The Walkerton Water Disaster – “Here, you can drink the water again.”

The Situation 

In a mid-western Ontario town of 5,000 people, over 2,000 became sick from drinking E-coli contaminated, but otherwise ordinary tap water.  People were dying, including the town librarian, and the 2 year old daughter of the town police officer.  It was the largest public utilities disaster in North America in decades.

The communication challenges were huge.  How do you deal with international media attention in a small town without infrastructure?  How do you communicate public health and safety information to the residents?  What can you do to lower the risk of crippling class action lawsuits?  And how on earth do you convince residents to drink the water again?

The Plan

We created our own, daily newsletter and hand-dropped it in each mailbox.  In an environment where the majority of the population wasn't online, it was the only way we had to communicate on a daily basis.

We did our best to accommodate international media - trucking in extra sound equipment, arranging a temporary cell-tower for increased cellular usage and even arranging accommodations where we could.  This goodwill came to our benefit when the TV stations with helicopters offered to ferry the families of sick patients to hospital centres during non-peak hours (most patients were being air-ambulanced to locations several hours away.)

One of our team actually moved to the town full-time, and became widely known for always being available to help answer any questions or concerns.

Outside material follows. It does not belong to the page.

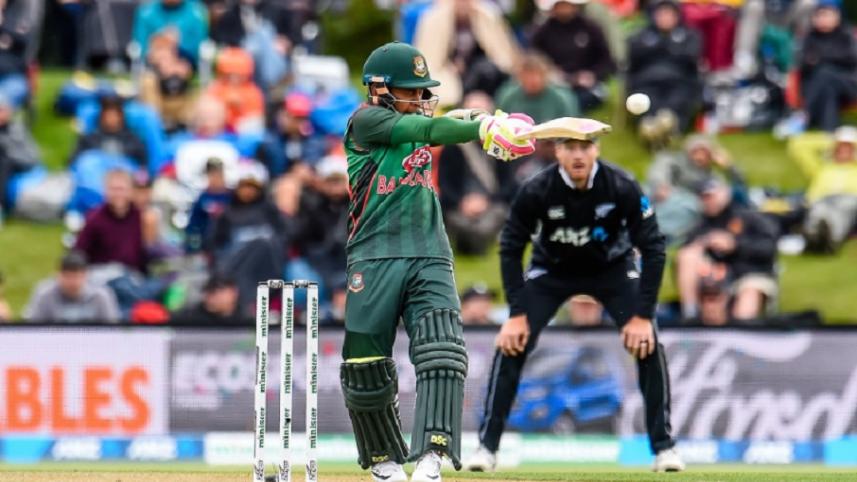 Mushfiqur Rahim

Using interactive video, we explained how a new filtration process would work... and when the medical officials gave us the go ahead, we arranged for high-profile individuals to be seen drinking the tap water.

The Results

Liability was limited to the extent of the town's insurance coverage, thus preventing the province from bailing out the municipality, or forcing the municipality into bankruptcy.   Walkerton is now the home of a "Water research centre" and is widely acknowledged to have world-class tap water - even amongst the residents who lived through the disaster.